Task description. All that is wanted is the exact lines from the first line of the data below through the line with "HIGH-EFFICIENCY DUST BAG, FILTER", both ends included, with pictures omitted.

[[ Extracted information, beginning ]]

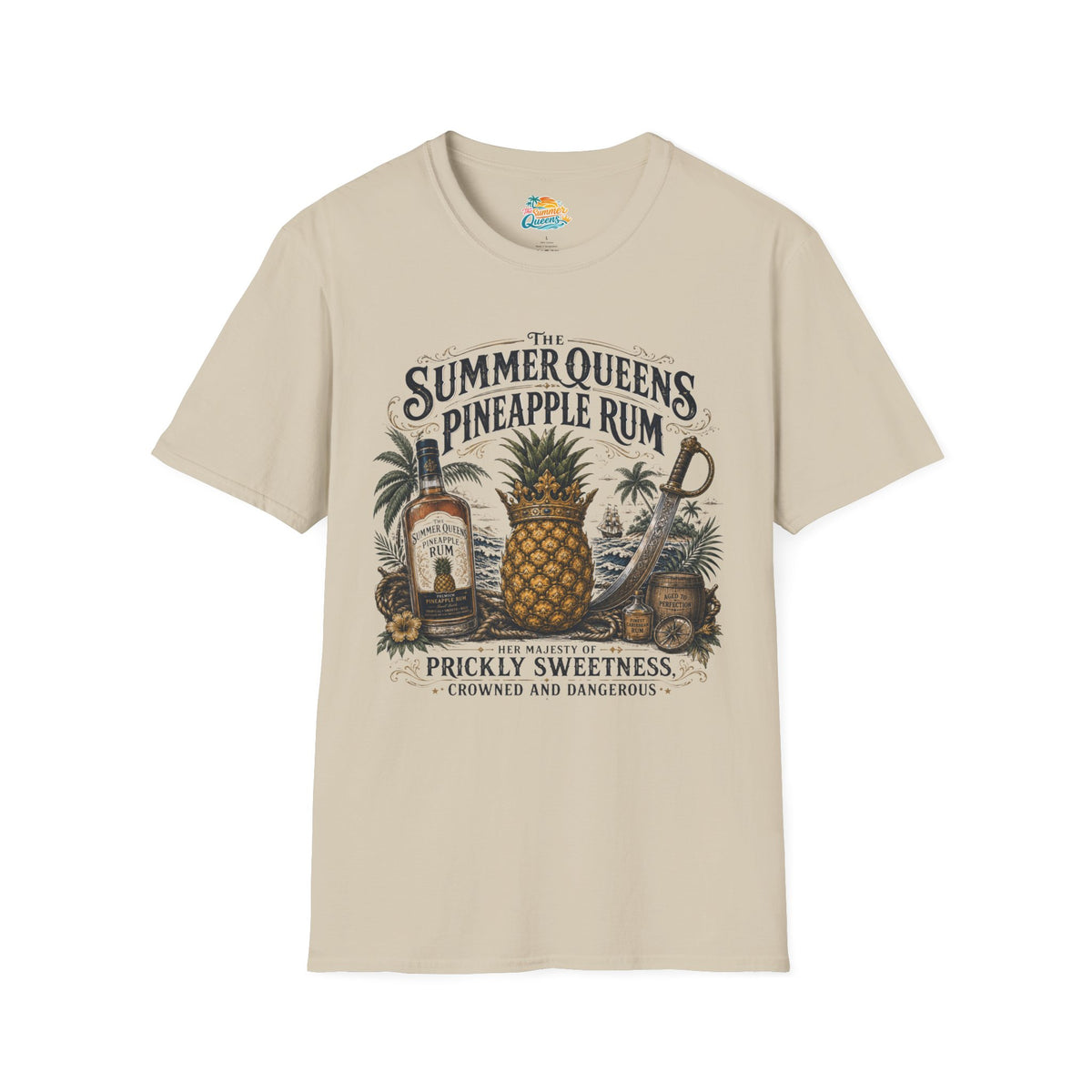 The Summer Queens Pineapple Rum Bottle T-Shirt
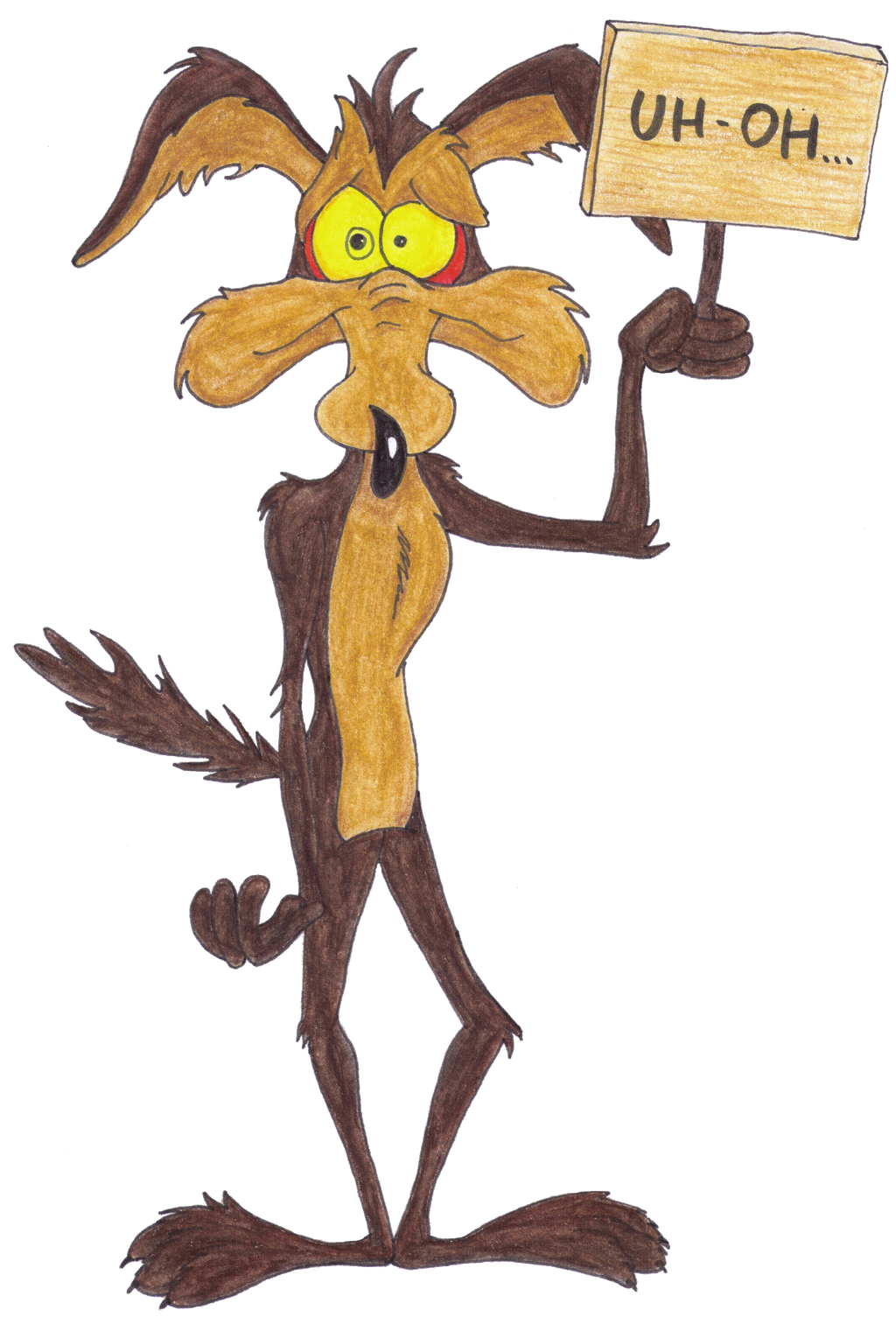 Wile E. Coyote Classic Cartoon Network Collab by MoonyMina on DeviantArt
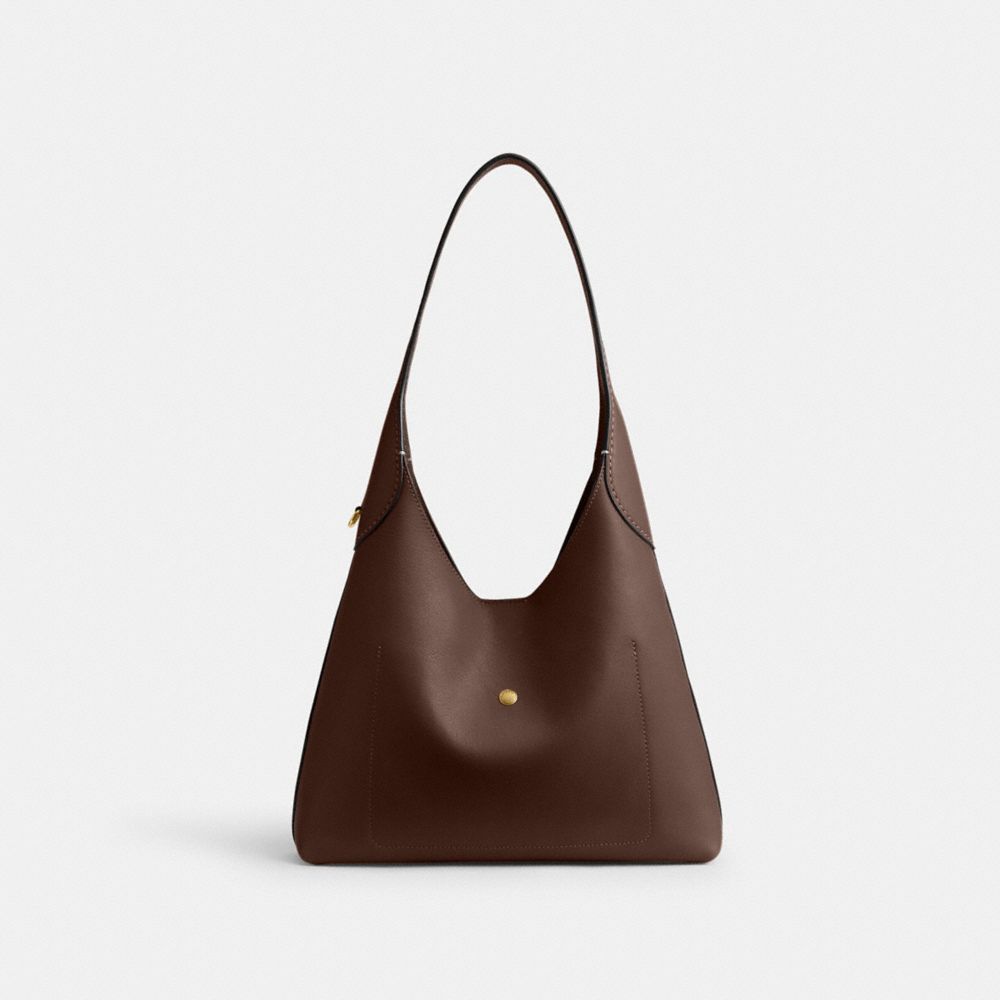Coach Brooklyn Shoulder Bag 28 Brass Maple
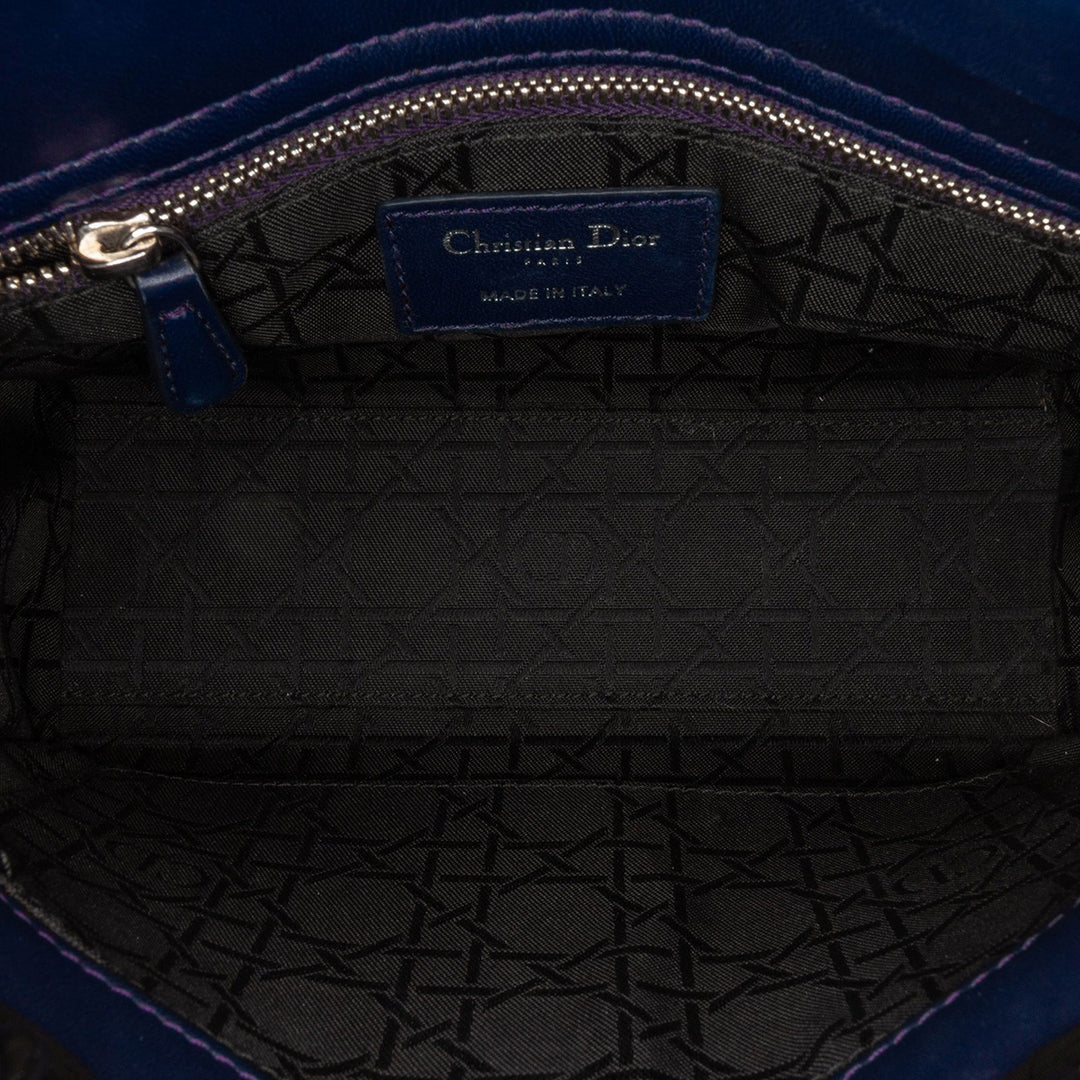Dior Small Lambskin Cannage My ABCDior Lady Dior Blue - GABY PARIS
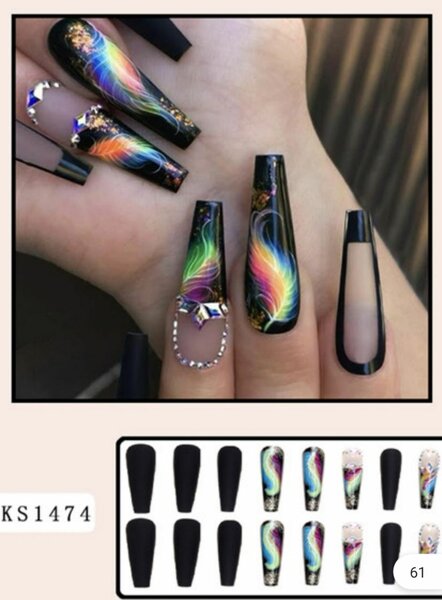 Ongles Press-On Art Fantaisie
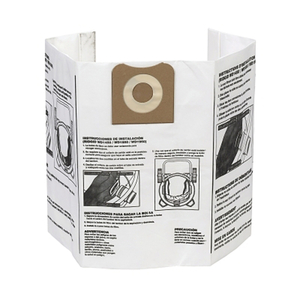 HIGH-EFFICIENCY DUST BAG, FILTER BAG, USED WITH RIDGID WET/DRY VACS 12 GAL TO 16 GAL by Ridgid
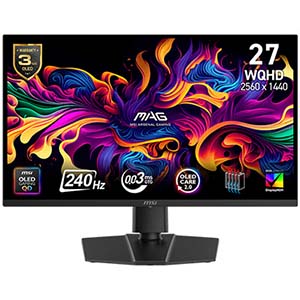 MSI MAG 273QP QD-OLED X24 240hz 26.5インチ MSI 26,5'' MAG 273QP QD-OLED X24 0.03Ms(GTG) 240Hz WQHD QD-OLED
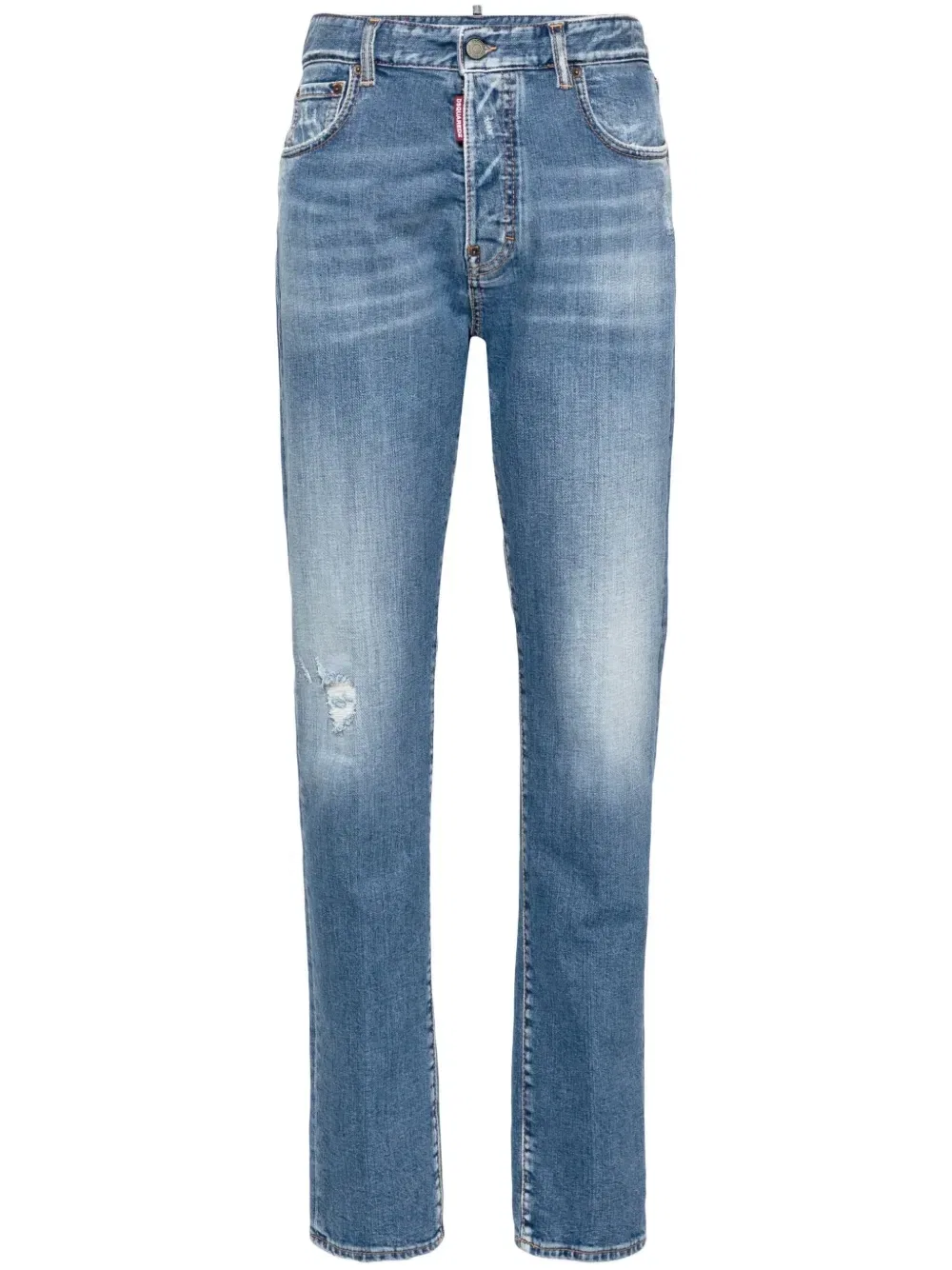 Джинсы 642 прямого кроя Dsquared2, синий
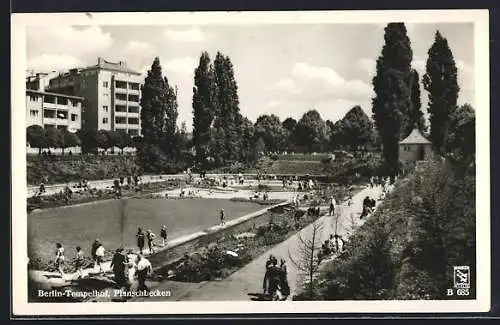 AK Berlin-Tempelhof, Planschbecken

[[ Extracted information, end ]]

Written solution.
 The Summer Queens Pineapple Rum Bottle T-Shirt
 Wile E. Coyote Classic Cartoon Network Collab by MoonyMina on DeviantArt
Coach Brooklyn Shoulder Bag 28 Brass Maple
Dior Small Lambskin Cannage My ABCDior Lady Dior Blue - GABY PARIS
 Ongles Press-On Art Fantaisie
 HIGH-EFFICIENCY DUST BAG, FILTER BAG, USED WITH RIDGID WET/DRY VACS 12 GAL TO 16 GAL by Ridgid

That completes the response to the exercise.